For exercises \( 9-14 \), answer the questions. 9. An isosceles right triangle has legs that are 3 units long. What is the length of the hypotenuse of the triangle? \( \begin{array}{lll}\text { A. } 3 \text { units } & \text { B. } \sqrt{18} \text { units } & \text { C. } 9 \text { units }\end{array} \) D. 18 units 10. A right triangle has a hypotenuse that is 5 units long. One of the legs of the triangle is 4 units long. What is the length of the other leg of the triangle?

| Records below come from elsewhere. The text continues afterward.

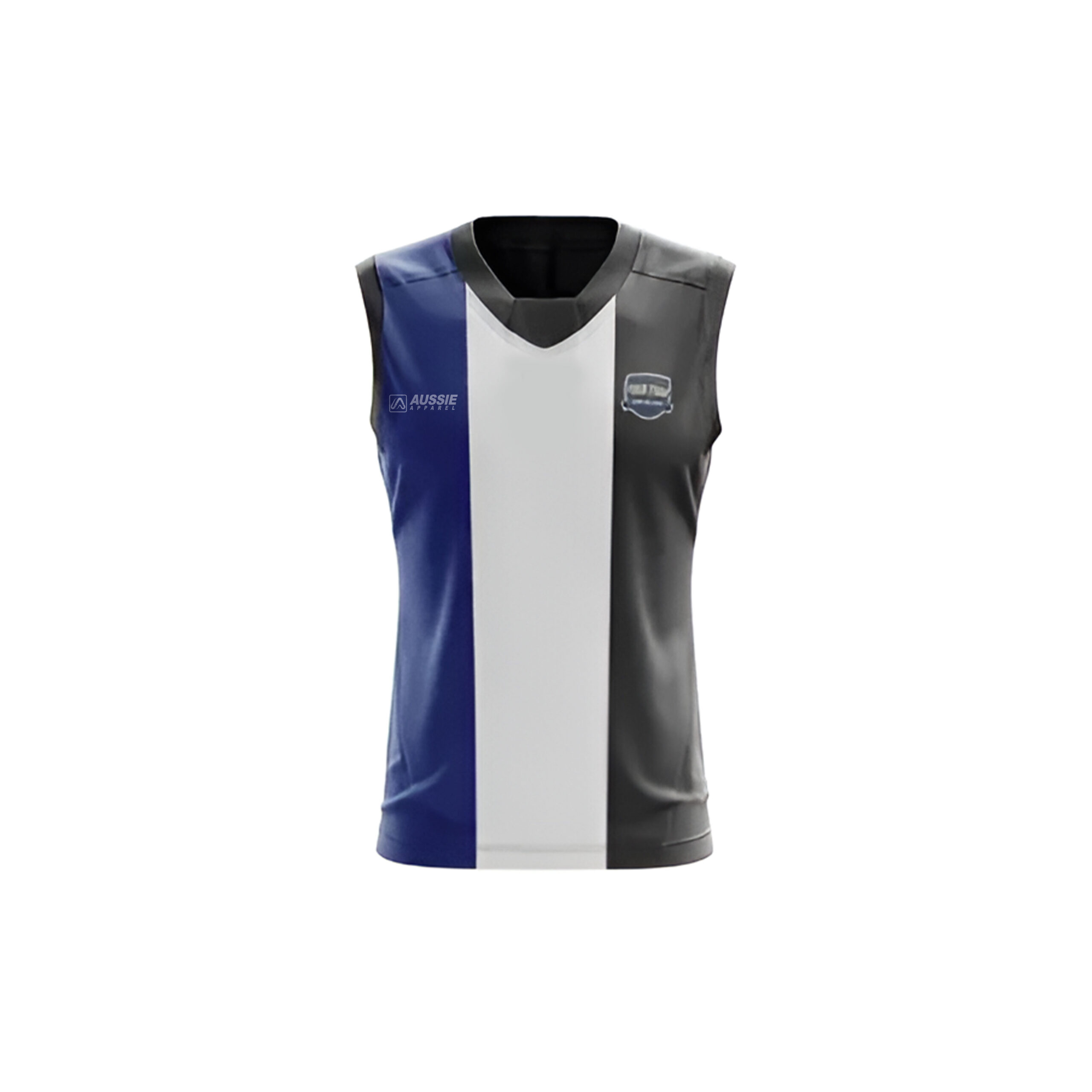 Custom AFL Uniform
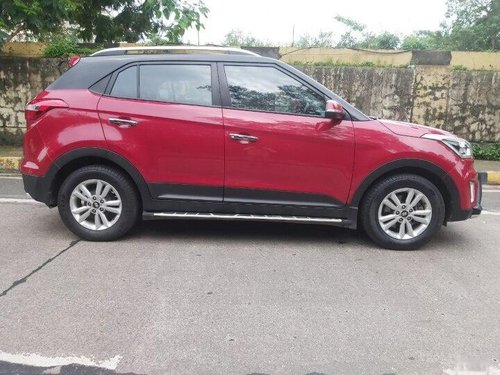 Used 2016 Creta SX  for sale in Mumbai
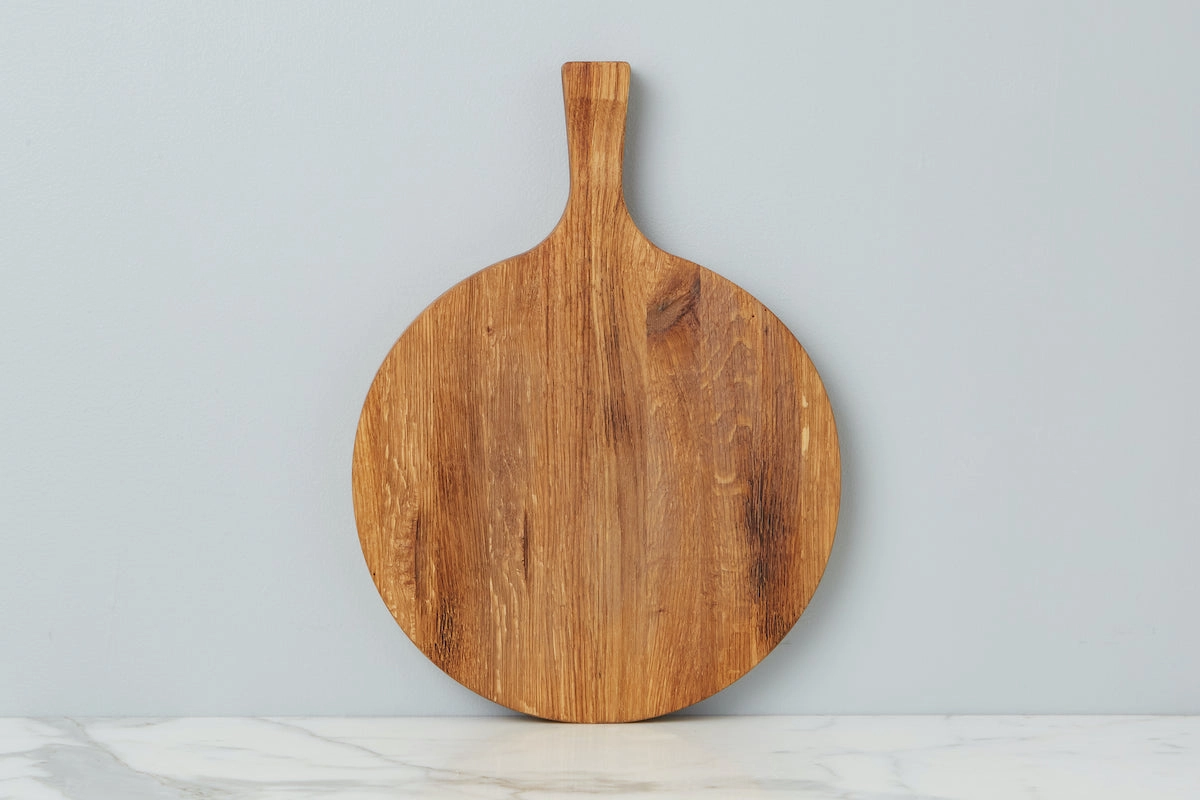 Large Italian Cutting Board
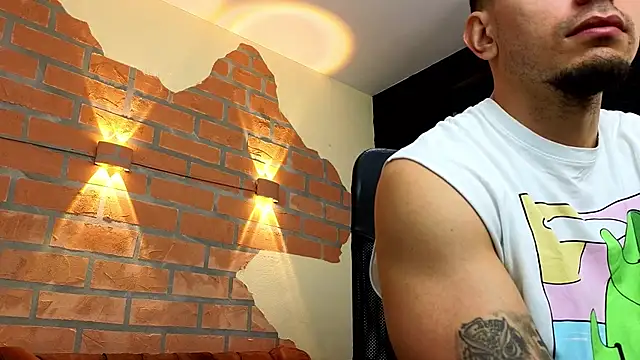 Josh_miller01 webcam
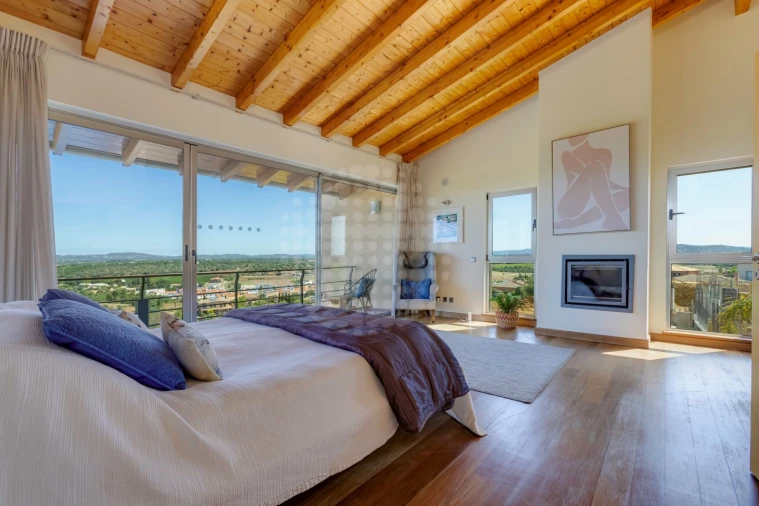 Moradia T4 para Venda em Algoz e Tunes Foto 20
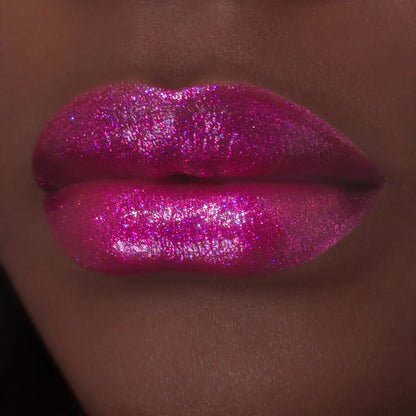 Pinking Of You - Dream Lip Sparkle Balm - Bellabeautébar
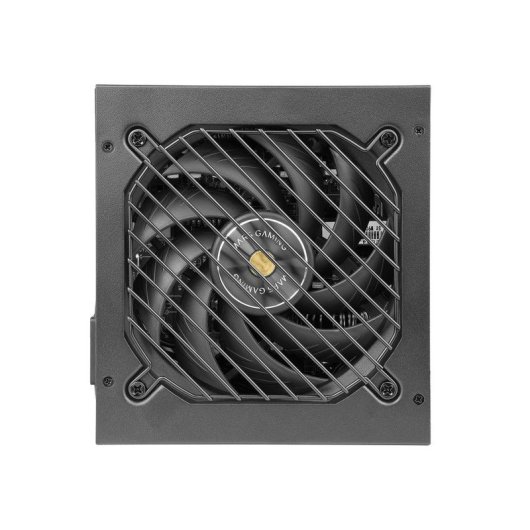 Mars Gaming Mpb1000si Fuente Alimentación Pc Atx 7 Años De Garantía 80plus Gold 90% - vue 4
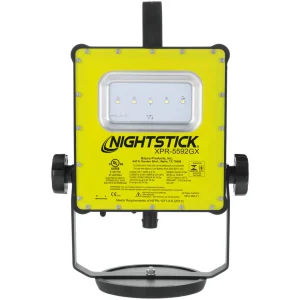 Nightstick - Intrinsically Safe Area Light, Class 1/Division 1 –  XPR-5592GX - Image 3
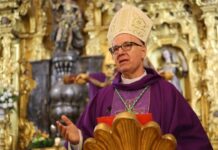 Iglesia Católica pide ser portadores de esperanza en la época navideña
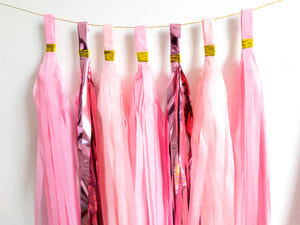 paper tassel garland, foil tassel garland, party tassel decorations, DIY tassel garland, birthday party tassels, wedding tassel decor, baby shower tassels, gender reveal tassel garland, anniversary party decorations, festive tassel banner, hanging party tassels, premium tassel garland, colorful tassel decorations, indoor party decor, outdoor party garland, gold tassel garland, elegant party decorations, tassel banner for events, high-quality party tassels, Brisbane party decorations, Gold Coast party suppli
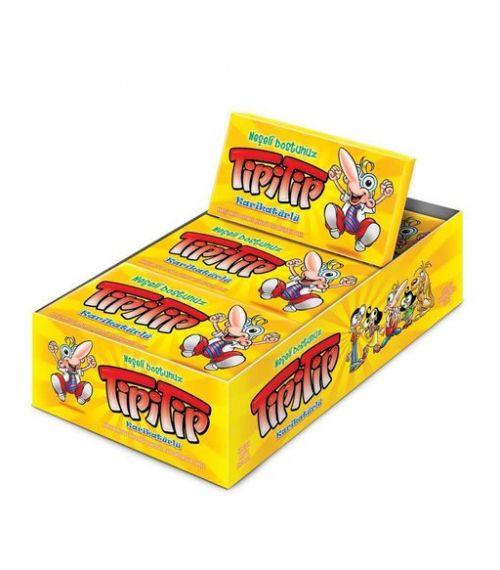Tipitip Sakız 27 gr. x 12 paket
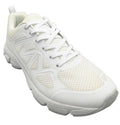 Taylor Unisex Matrx White Trainer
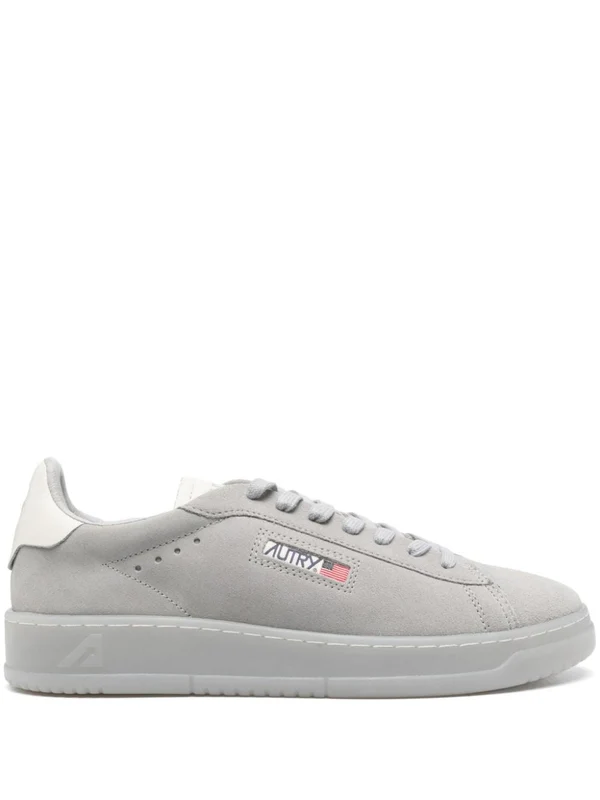 Dallas Low-Top Sneakers
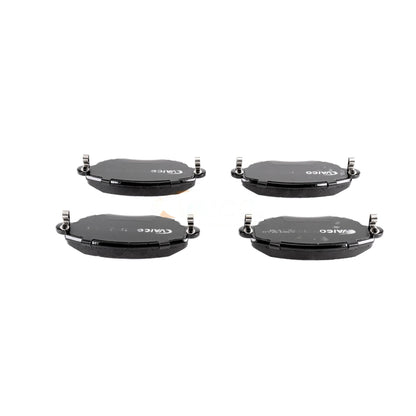 VAICO Brake Pad Set, disc brake V25-8109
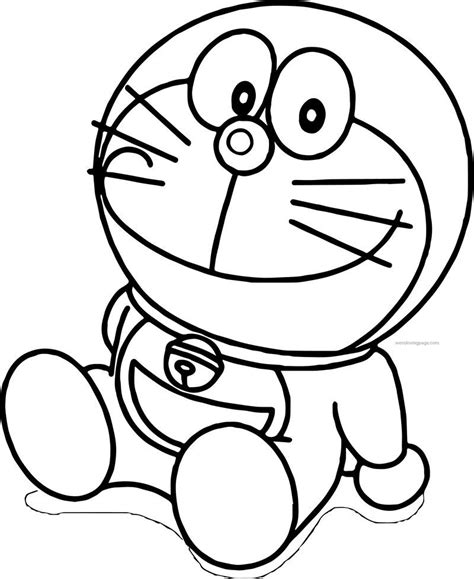 Download Just Doraemon Coloring Page See the category to find more ...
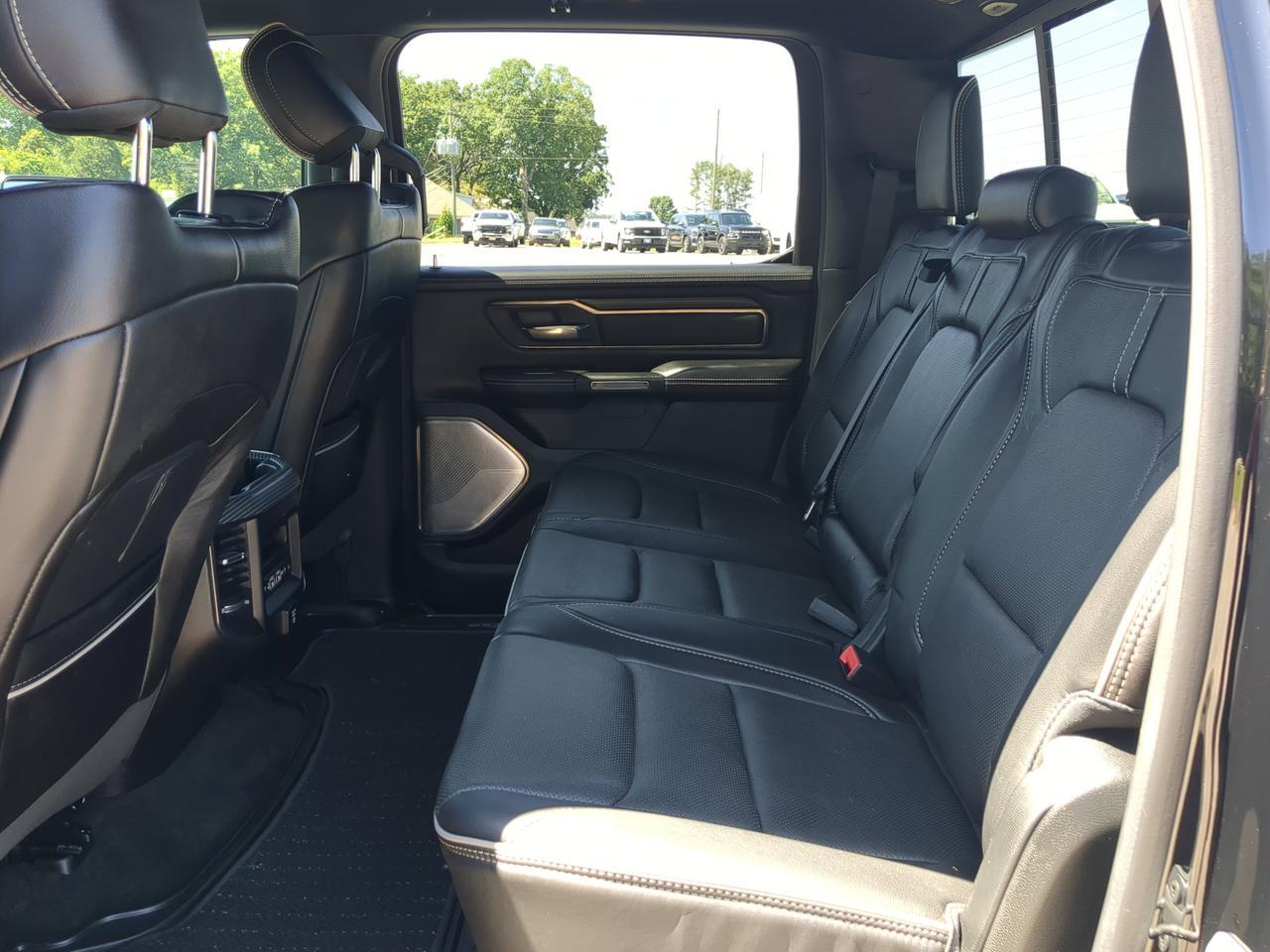 2020 Ram 1500 Limited Winder GA
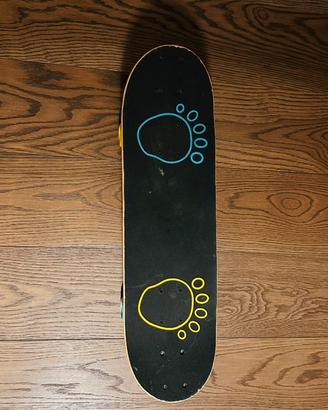 Skateboard Decathlon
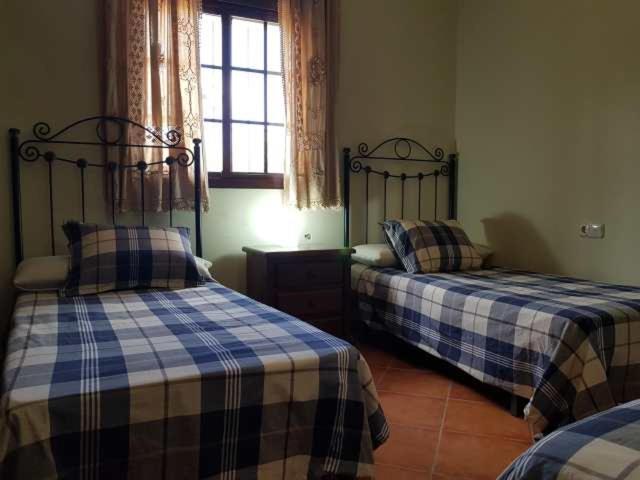 乌夫里克Vivienda Rural Casa Sofia别墅 外观 照片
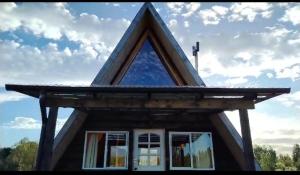 Casa Alpina Puerto Varas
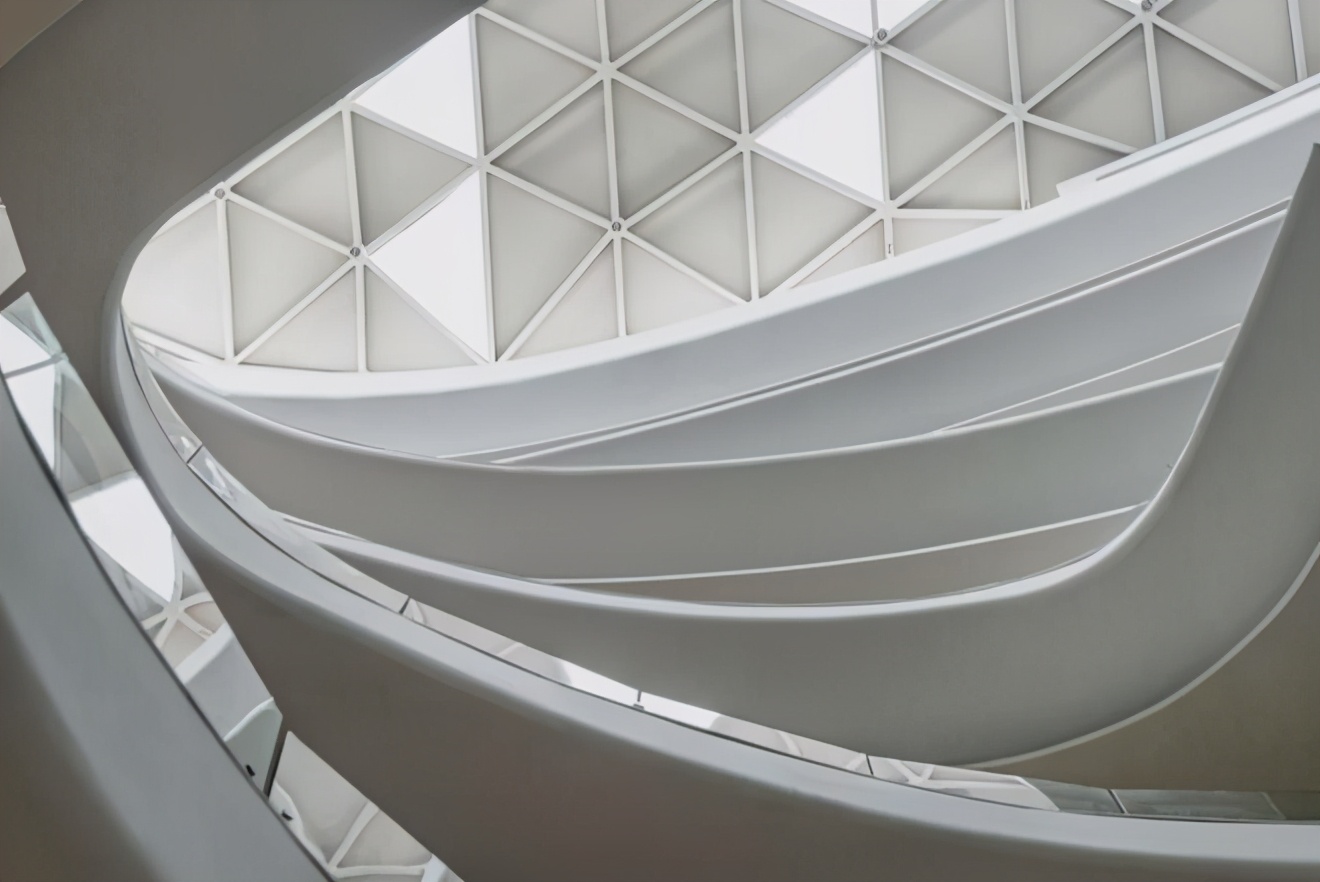 LB凌奔设计｜萍乡天虹，流动的城市生命力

The length of the hypotenuse of an isosceles right triangle can be found using the Pythagorean theorem, which states that in a right triangle, the square of the hypotenuse (c) is equal to the sum of the squares of the other two sides (a and b). For an isosceles triangle where both legs are equal, we have \( a = b = 3 \). So, \( c^2 = 3^2 + 3^2 = 9 + 9 = 18 \). Therefore, \( c = \sqrt{18} \) units, which simplifies to \( 3\sqrt{2} \) units. To find the length of the other leg of a right triangle when one leg and the hypotenuse are known, we again apply the Pythagorean theorem. Given that one leg \( a = 4 \) and the hypotenuse \( c = 5 \), we can set it up as \( c^2 = a^2 + b^2 \). Plugging in the values gives \( 5^2 = 4^2 + b^2 \), or \( 25 = 16 + b^2 \). Solving this, we find \( b^2 = 9 \), which means \( b = 3 \) units.